Mathematics in Industry Careers 2019
Senior Data Scientist
YRC Worldwide, Inc, Overland Park, KS
Ph.D. 2013, Mathematics, University of Kansas
Jarod Hart received a PhD in harmonic analysis from the University of Kansas in 2013, and completed two postdoctoral appointments at Wayne State University and the University of Kansas. During his time as a graduate student and postdoc, he did research in harmonic analysis, collaborated/advised on data-driven mathematical modeling in STEM fields, and developed cognitive-based math education practices and measurements. Currently, he is a Senior Data Scientist at the trucking and logistics company YRC Worldwide. My work at YRC Worldwide involves developing and implementing mathematical models that create pricing programs, identify sales opportunities, increase operational efficiency, and improve enterprise data integrity.
Data Scientist Lead
M.S. 2009, Statistics, University of Illinois, Urbana-Champaign
Tamara Johnson is a Data Scientist Lead at Commerce Bank and has performed statistical analysis for several lines of business, including: consumer credit card, consumer deposits, commercial, and small business during her five years with the bank.

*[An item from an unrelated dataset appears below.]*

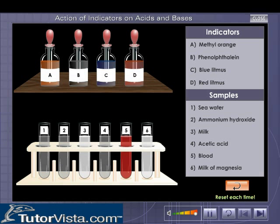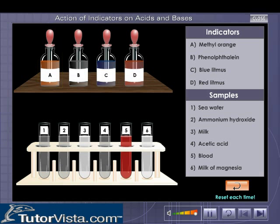To perform the tests yourself, follow these instructions carefully and do as instructed. Click on the dropper in bottle A containing methyl orange and drag it into test tube 1. Observe the change. The solution turns yellow.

She also leads a team of three data scientists and oversees the intern program in the Kansas City analytics department. She has a B.S. in Actuarial Science and an M.S. in Statistics. Prior to working at Commerce, Tamara was a research actuary at State Farm and a lecturer in the KU Math Department. Tamara has experience using predictive modeling, experimental design, unsupervised learning, forecasting, and simulation within SAS and python to find revenue generating solutions in the financial services industry.

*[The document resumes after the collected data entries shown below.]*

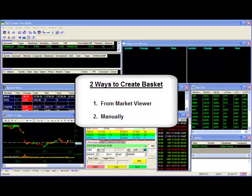There are two ways you can create your basket of securities. One, by loading the symbols from the market viewer or two, by loading stocks manually.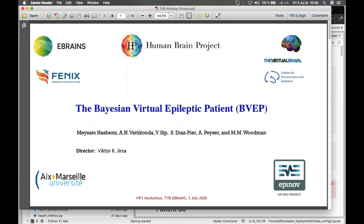I present the Bayesian virtual epileptic patient. I briefly present the concept behind the Bayesian inference and then show some programming that has been done in Python and Stan software. The work has been done in Marseille, and because this is computationally expensive, we have used the supercomputer in Ulrich also with the help and collaboration with Sandra and Alex.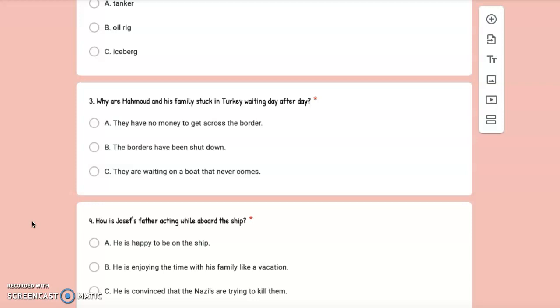Number 3: Why are Mahmoud and his family stuck in Turkey waiting day after day? A. They have no money to get across the border, B. The borders have been shut down, or C. They are waiting on a boat that never comes.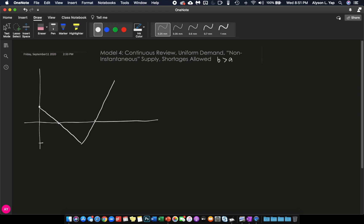It is at this point, zero, where you were able to fulfill already all your shortage. And assuming that your supplier is still delivering, then your inventory level will now be positive, up until it reaches a certain point again, and it will go back down again, go back up, et cetera.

Lawrence Livermore National Laboratory, CA
Ph.D. 2016, Computer Science, Cornell University
Colin Ponce is an applied mathematician of the Computation Mathematics Group, Center for Applied Scientific Computing at the Lawrence Livermore National Laboratory. His work is varied but generally falls under the broad umbrella of network analysis. He has previously worked on techniques for solving large network-structured linear systems and for analyzing power grid-based networks efficiently. Today much of his work focuses on developing techniques to enhance the safety and resilience of our power grids, both in the form of high-performance computing techniques for analyzing systems, and in the form of robust decentralized techniques for operational use. He also works on methods for efficiently training large neural networks.
Sandia National Laboratories, New Mexico
Ph.D. 1991, Mechanical Engineering, North Carolina State University
Jim Redmond is a Senior Manager at Sandia National Laboratories, currently leading an effort to modernize secure transportation systems. He has been with the labs for 27 years serving in a variety of roles including post-doc, staff, manager, senior manager, and acting director. In prior leadership roles he led a team to deliver the largest ever computational simulation effort at Sandia to support development and qualification of a modernized nuclear deterrent, and led a technical team supporting the Executive Vice President for National Security programs.
Among his technical contributions, Jim developed control schemes to improve precision manufacturing processes and helped establish R&D programs in Microscale Dynamics, Coupled Structural Acoustics, and Re-entry Simulation. He has served on teams supporting national emergency response efforts, including the National Transportation Safety Board I-35W Bridge Collapse Investigation, the Deepwater Horizon Accident Response, and the Waste Isolation Pilot Plant Technical Assessment Team.
Jim holds BS and MS degrees in Aerospace Engineering, and a Ph.D. in Mechanical Engineering all from North Carolina State University. He is Sandia’s Campus Executive for the University of Colorado Boulder, and serves on advisory boards for the Fort Lewis College Department of Physics and Engineering and the University of Georgia College of Engineering.
Google, San Francisco
Ph.D. 1996, Operations Research, Stanford University
Qing Wu is a Principal Economist at Google. He works on business intelligence, quantitative analysis in on-line advertising, revenue forecast and management, user/advertiser behavior modeling, and macroeconomics for Google. His specialties include internet data mining, financial forecast, macroeconomics, econometrics, supply chain and demand chain management. Qing began his career at Google in 2006 as a senior economist. He received an M.S. degree in 1991 in mathematics from the University of Kansas and his Ph.D. in 1996 in operations research from Stanford University. Before beginning his career at Google, he worked as a senior scientist at Manhattan Associates, a global solutions provider for supply chain leaders, and as a lead scientist at GAP Inc. doing data mining and analysis.